It was a far cry from such simplicity to the second half’s account of Berg’s Chamber COncErto, by Cantoreggi, Lonquich and Royal Academy wind players under Holliger. Or was it? Perhaps the concert was suggesting that Berg’s prodigious use of ciphers and numerology in this always astonishing masterpiece — the performance had a virtuosity all the more exhilarating in the small hall — is, at heart, a kind of childish game, fun with an abacus, the equivalent of playing with mud pies. As Holliger emphasised in his talk, Berg never allows his compositional complexities to impair the consummately relaxed inventiveness of the surface.

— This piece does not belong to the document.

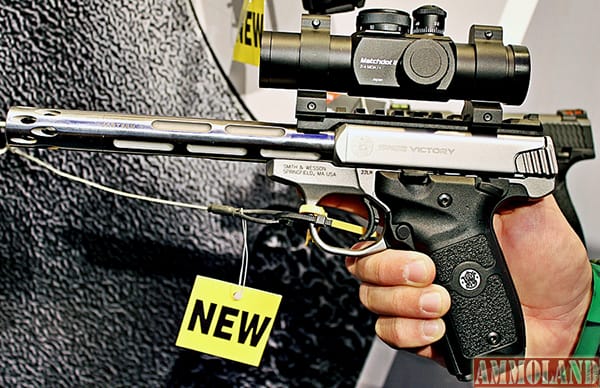 Smith & Wesson SW22 Victory 22LR Pistol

Schumann’s peculiarly scored but captivating Andante and Variations for two pianos, two cellos and horn was a highlight of the four-day profile, as was Holliger’s extraordinary Romancendres, for cello (Richter) and piano (Alasdair Beatson), an attempt (involving much probing of the inside of the piano) to recompose Schumann’s late romances for that pairing — music destroyed by his widow, Clara, with not a scrap (not even the titular cinders) remaining, only a bit of hearsay. And one more highlight was Holliger’s dynamic oboe d’amore phrasing in a trio arrangement of Schumann’s Six Canonic Studies for Pedal Piano, Op 56. Whatever else he is, he remains a woodwind giant.